Prose

We are friends, you say

We are friends, you say, as I lean my head on your shoulder and you hug me stronger. If I ever try to come closer to you, I know you won’t turn me down, because friends don’t do that, right? But maybe I’ll start wanting more, wanting more from you. It’s funny, we both know it’s forbidden, but we feel freer than ever.

“We’re just friends,” you say.
But you have that look and you unconsciously raise your eyebrow when you have something else to say, yet you choose to smile and play with my hair because it’s easier than the truth. I do the same thing, I shake my head and turn it the other side. I doubt I could last longer.

“Stop laughing so loud,” you say.
However, you also cause that same laugh. Consciously, you want to listen to it. I don’t know what to say at that moment except that I know you so well and I love your smile and the way you turn your head the other side as if nothing happened at that moment.

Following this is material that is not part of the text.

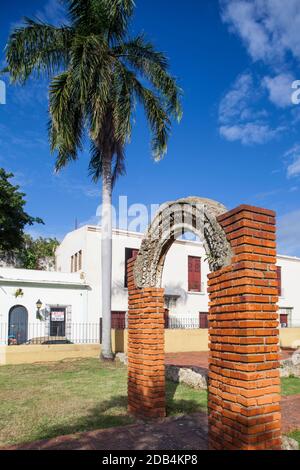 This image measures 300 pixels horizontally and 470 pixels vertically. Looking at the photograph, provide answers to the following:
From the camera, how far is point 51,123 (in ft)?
46.7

So, I watch that smile, over and over again. That’s my friend, indeed. That’s someone who knows what to say without choosing words. He never chooses words, and somehow, they are always in place. For years now, he is where he is, besides me, but I wonder if he truly belongs here? I wouldn’t dare to think that we’re both ready, because I know we aren’t. Or maybe I’m just scared?

I know we’re both afraid of fading. It’s not about emotions, it’s something much bigger. It’s about respect and understanding that we’ve been building for years. And this time I will just lean my head against the wall as tears burn my cheeks, and words persistently suffocate all that’s unspoken.

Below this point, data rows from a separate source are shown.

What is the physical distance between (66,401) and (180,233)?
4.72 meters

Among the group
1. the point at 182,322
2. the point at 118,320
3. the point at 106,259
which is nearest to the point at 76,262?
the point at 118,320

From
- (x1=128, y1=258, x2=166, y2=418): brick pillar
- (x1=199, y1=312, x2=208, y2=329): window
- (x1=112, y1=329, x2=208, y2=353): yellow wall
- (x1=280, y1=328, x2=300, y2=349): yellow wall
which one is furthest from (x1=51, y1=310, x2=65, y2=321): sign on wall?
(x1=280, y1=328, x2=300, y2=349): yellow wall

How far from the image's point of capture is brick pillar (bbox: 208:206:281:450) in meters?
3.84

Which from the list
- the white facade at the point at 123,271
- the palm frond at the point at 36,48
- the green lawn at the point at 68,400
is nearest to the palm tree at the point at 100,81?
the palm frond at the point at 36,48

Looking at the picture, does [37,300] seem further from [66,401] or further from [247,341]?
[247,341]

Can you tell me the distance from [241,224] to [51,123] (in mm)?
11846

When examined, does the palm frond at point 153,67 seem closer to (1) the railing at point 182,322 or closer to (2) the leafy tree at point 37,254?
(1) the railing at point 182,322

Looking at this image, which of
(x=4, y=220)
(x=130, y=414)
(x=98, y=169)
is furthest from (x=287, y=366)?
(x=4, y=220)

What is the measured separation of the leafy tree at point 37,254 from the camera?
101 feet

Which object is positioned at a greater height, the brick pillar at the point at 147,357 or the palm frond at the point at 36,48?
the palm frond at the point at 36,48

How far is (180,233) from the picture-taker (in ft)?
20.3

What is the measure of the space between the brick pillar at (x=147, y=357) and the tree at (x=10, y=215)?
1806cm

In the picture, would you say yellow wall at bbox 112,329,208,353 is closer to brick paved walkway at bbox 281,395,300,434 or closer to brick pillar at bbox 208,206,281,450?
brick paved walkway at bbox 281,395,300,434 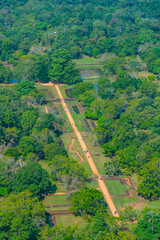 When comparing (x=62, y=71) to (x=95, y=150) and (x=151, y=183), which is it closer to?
(x=95, y=150)

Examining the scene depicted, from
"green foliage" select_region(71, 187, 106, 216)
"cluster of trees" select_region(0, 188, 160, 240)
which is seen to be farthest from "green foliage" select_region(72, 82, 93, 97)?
"cluster of trees" select_region(0, 188, 160, 240)

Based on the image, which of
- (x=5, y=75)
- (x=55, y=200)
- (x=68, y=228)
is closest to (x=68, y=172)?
(x=55, y=200)

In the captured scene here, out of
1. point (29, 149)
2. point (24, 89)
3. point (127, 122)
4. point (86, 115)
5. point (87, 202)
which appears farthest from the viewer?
point (24, 89)

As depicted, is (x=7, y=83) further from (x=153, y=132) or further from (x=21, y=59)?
(x=153, y=132)

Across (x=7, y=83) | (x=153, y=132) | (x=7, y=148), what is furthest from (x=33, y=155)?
(x=7, y=83)

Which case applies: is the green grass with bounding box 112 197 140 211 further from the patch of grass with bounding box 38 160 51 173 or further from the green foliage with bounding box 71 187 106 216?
the patch of grass with bounding box 38 160 51 173

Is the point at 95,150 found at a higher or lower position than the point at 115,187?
lower

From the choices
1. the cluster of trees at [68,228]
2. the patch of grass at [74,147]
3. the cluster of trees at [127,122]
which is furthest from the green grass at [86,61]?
the cluster of trees at [68,228]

You know, he always walks me home, waits for me after every date, laughs at my smudged makeup or my bored and sleepy face. But, he waits for me and asks me how I am. He wants to hear it for real, but then his “Did you miss me?” gets out and that’s where the silence appears. I know I can deceive the whole world with my smile, but not him- which doesn’t stop me from smiling and leaving.

I’ve buried all the love I have for him, not wanting to lose my best friend. I want to selfishly keep his embrace full of warmth and understanding. I want to be his person he can always rely on. At least I wanted that, until he came, saying what he felt, in one breath. That’s where I stopped wanting anything and started to achieve everything.